Шатилов вздохнул, почти со стоном.

Тем не менее, заявление подписали все пять министров, а контрас-сигнировали Гришин-Алмазов и я.

И вот теперь этот самый Гришин-Алмазов обвиняется в выступлении против союзников!

Как оказалось, Гришин-Алмазов в Челябинске, после ужина с выпивкой, возбужденный очень резкими и неприятными для русского патриота ироническими замечаниями английского консула в Екатеринбурге, бросил замечание, что «русские менее нуждаются в союзниках, чем союзники в русских, потому что только одна Россия может сейчас выставить свежую армию, которая в зависимости от того, к кому она присоединится, решит судьбу войны».

Эти слова генераладали повод для выступления иркутского консульского совета, поднялся шум, и враги Гришина решили использовать момент.

Успеху похода против Гришина помогли, как всегда, интриги в военной среде. Честолюбивый Иванов-Ринов, который сам по себе не рискнул бы выступить против начальства, в данной обстановке не стал, конечно, отклонять от себя столь легко дававшуюся карьеру. Все это концентрировалось вокруг него, жаждало свержения Гришина в чаянии повышений в чинах и должностях.

Указ об увольнении Гришина был подписан. Уволен был без прошения, без назначения на какую-либо другую должность человек, которому Сибирское Правительство адресовало специальную Грамоту с признанием его заслуг. Такое увольнение не предвещало ничего хорошего. Оно могло внести только деморализацию. Можно ли уважать начальство, которое возносится и свергается с такой легкостью? Революции отучают от уважения к власти, непрочность которой постоянно иллюстрируется переворотами. Беспричинные смещения должностных лиц разлагают государство еще больше.

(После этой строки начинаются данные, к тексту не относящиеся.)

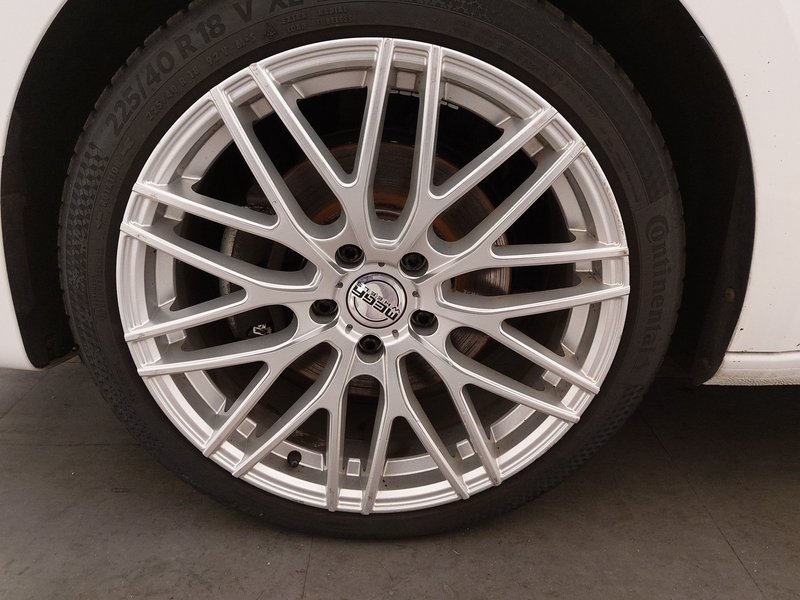 CUPRA Leon Sportstourer 2.0 TDI automatik • ACC • kuka za vuču — 12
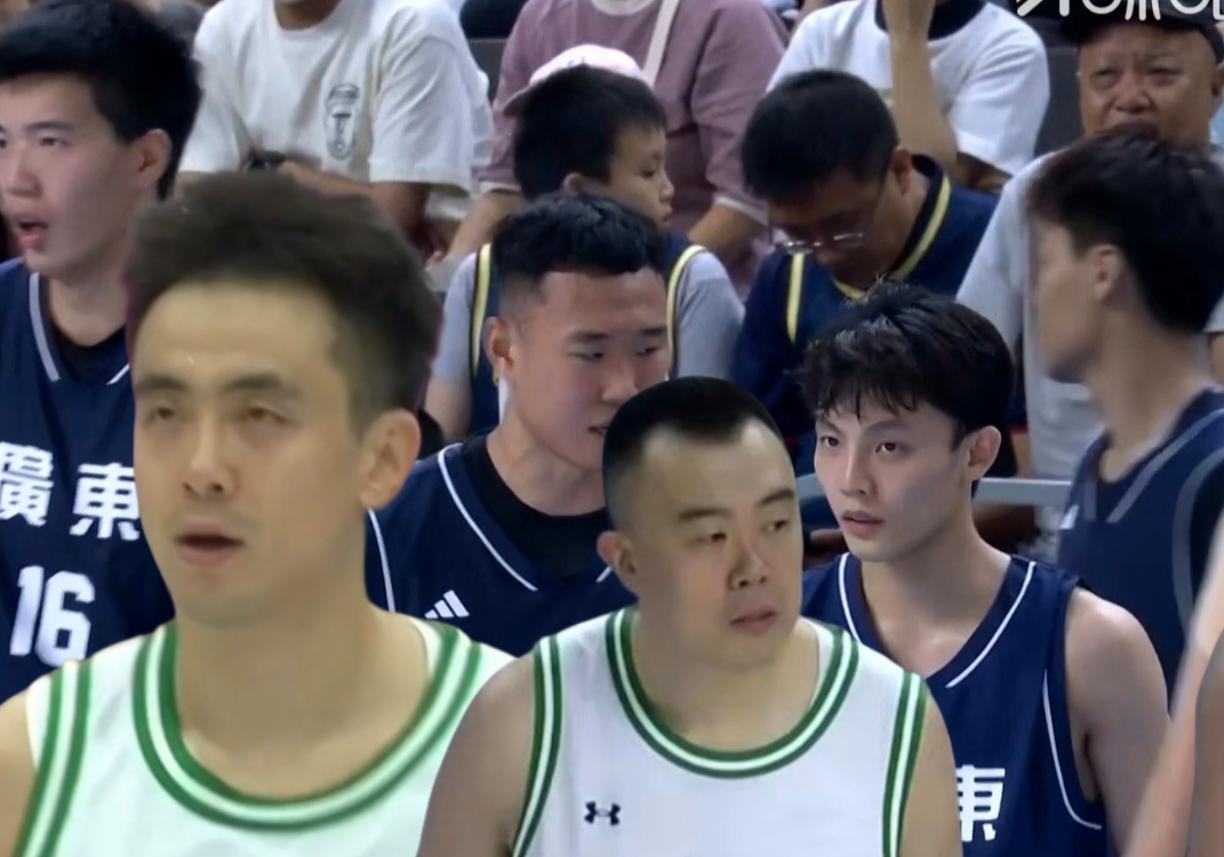 广东队虽然是主场作战，各方面优势也巨大，但他们想要轻松就拿下卫冕冠军辽宁队也并不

Несколько дней было заполнено борьбой, возникшей на почве отставки Гришина. Административный Совет понял политическую опасность такого произвола со стороны Правительства, которое и не подумало спросить мнения своих ближайших сотрудников, разделявших с ним и труды, и риск начатого дела. «Мы — "избранники", а вы кто?» — вызывающе спрашивал Патушинский, отлично знавший, что избрания не было, что выборы в подпольном заседании каких-нибудь двух десятков эсеров из ста пятидесяти членов Областной Думы, без соблюдения элементарных правил голосования, были политической авантюрой, и что картина «выборов» скрывалась только для того, чтобы сохранить «лицо» власти. И вдруг «избранники» действительно возомнили себя венценосными носителями народного суверенитета!

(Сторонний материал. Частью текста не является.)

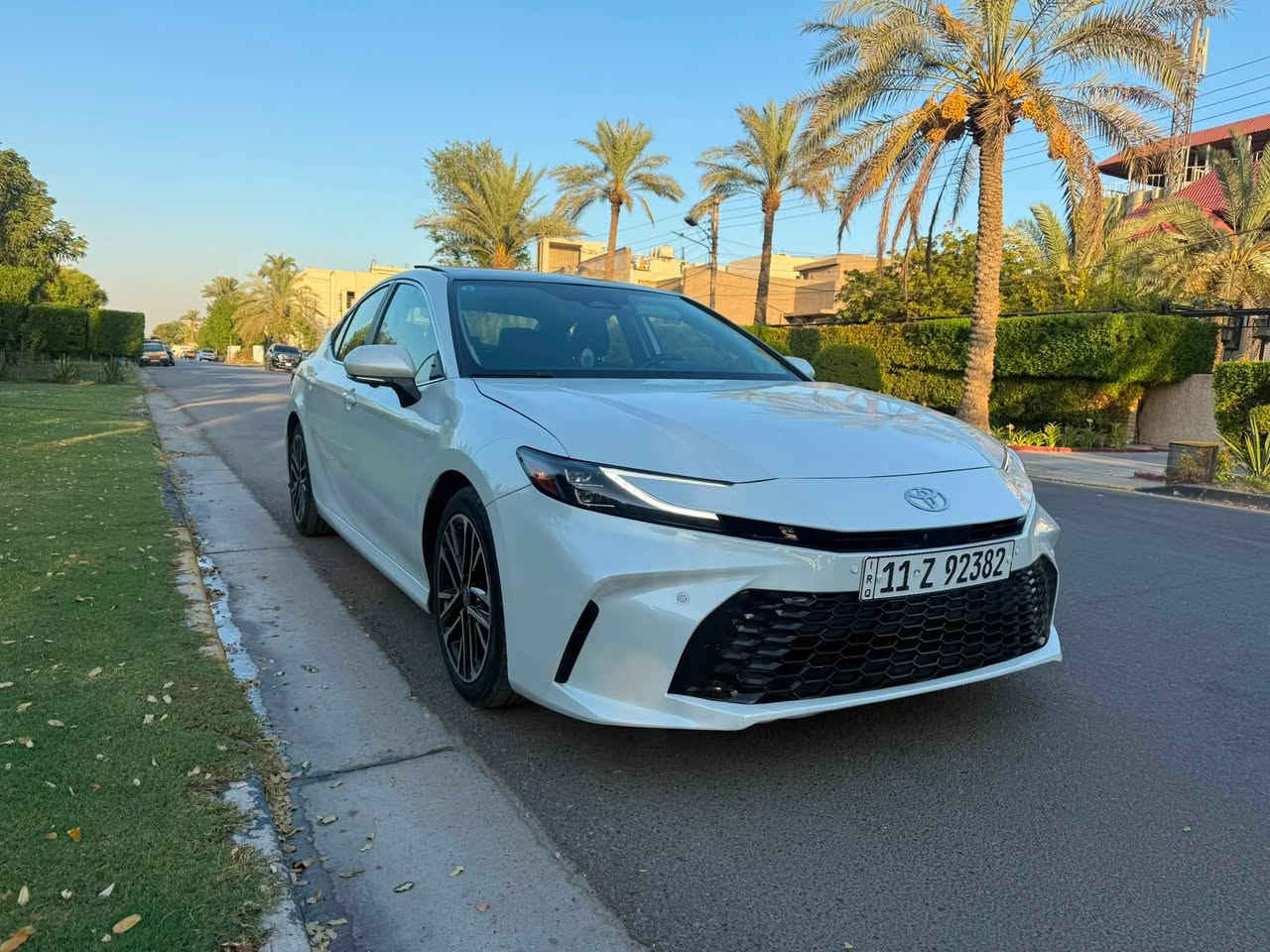 السلام عليكم 

كامري هايبرد 

وارد امريكي

‏xle 2025 
‏1/1 فول الفول
مكينة 2500
ماشيه 16 الف 
بانوراما سقف كامرات عدد 4 محيطية هيد دسبلاي عالجامة الامامية

سستم صوت 9 سماعات ودمام خلفي JBL
كشنات امامية تبريد + تدفئة 
حساسات اماميه وخلفية وحساس تايرات
كشافات اماميه 

 رادار امامي 
نقط عمياء جانبية رادارات خلفيه
لايتات امامي وخلفي لد مري كهرباء

دخول ذكي بدون بصمة 
بصمة تشغيل وصندوك 
تشغيل بصمة وتشغيل عن بعد ابواب بصمة
ترحيب من تقترب للسياره 

قيادة اليه كروز مثبت سرعة
لايت امامي اوتو  3 انظمة قيادة ايكو نورمال سبورت سايد بريك بصمة 

شاشة كبيرة  تبريد بيانو 
قطعتين تبريد  كشنات اماميه كهرباء 
لدات بالدشبول والبوب 

شاشة لمس مع عرض الاعطال
اوتو هولد نظام استشعار البريك التلقائي
‏CarPlay /بلوتوث/ اواكس

وباقي المواصفات المعروفة

حادث تعديل بارد بلبنيد 

مواصفات السيارة فول الفول اعلى فئه
السعر 265$
مكان السيارة بغداد حي الجامعه 
تلفون  ***********
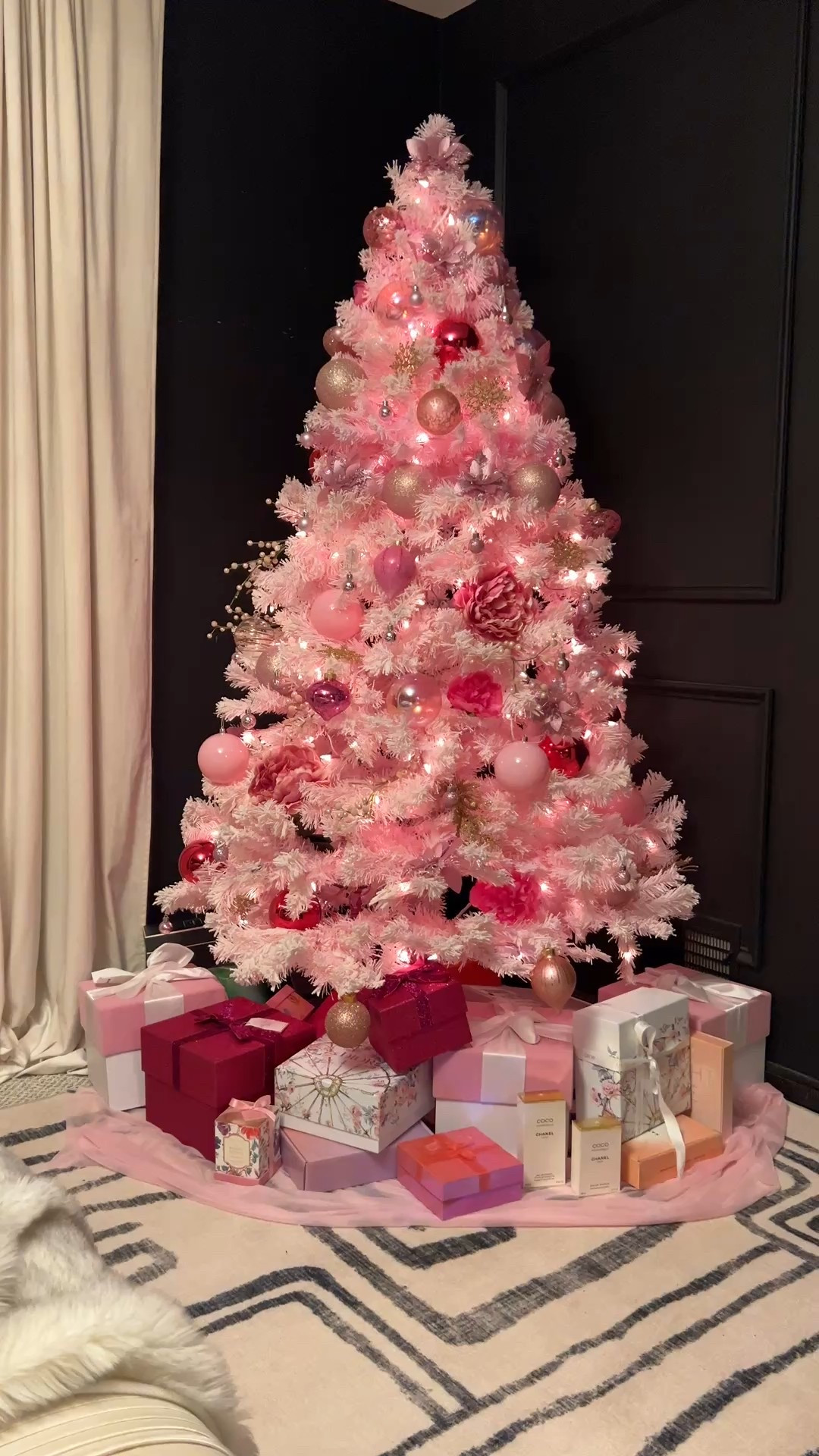 Pink Holiday Decor

#LTKHome #LTKHoliday #LTKCyberWeek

Административный Совет резко выступил против Правительства, но не из-за Гришина как такового, которого вообще мало знали, потому что он, как я уже говорил, не заботился о сближении с представителями гражданской власти, ограничившись дружбой с одним лишь Михайловым. Правда, многих смущало назначение заместителем Гришина Иванова-Ринова, человека, несомненно, старорежимного, да еще и с «полицейскими» привычками. Он обладал бесспорными способностями, но по чуткости и тактичности не мог сравниваться с Гришиным. Однако личный вопрос был отброшен.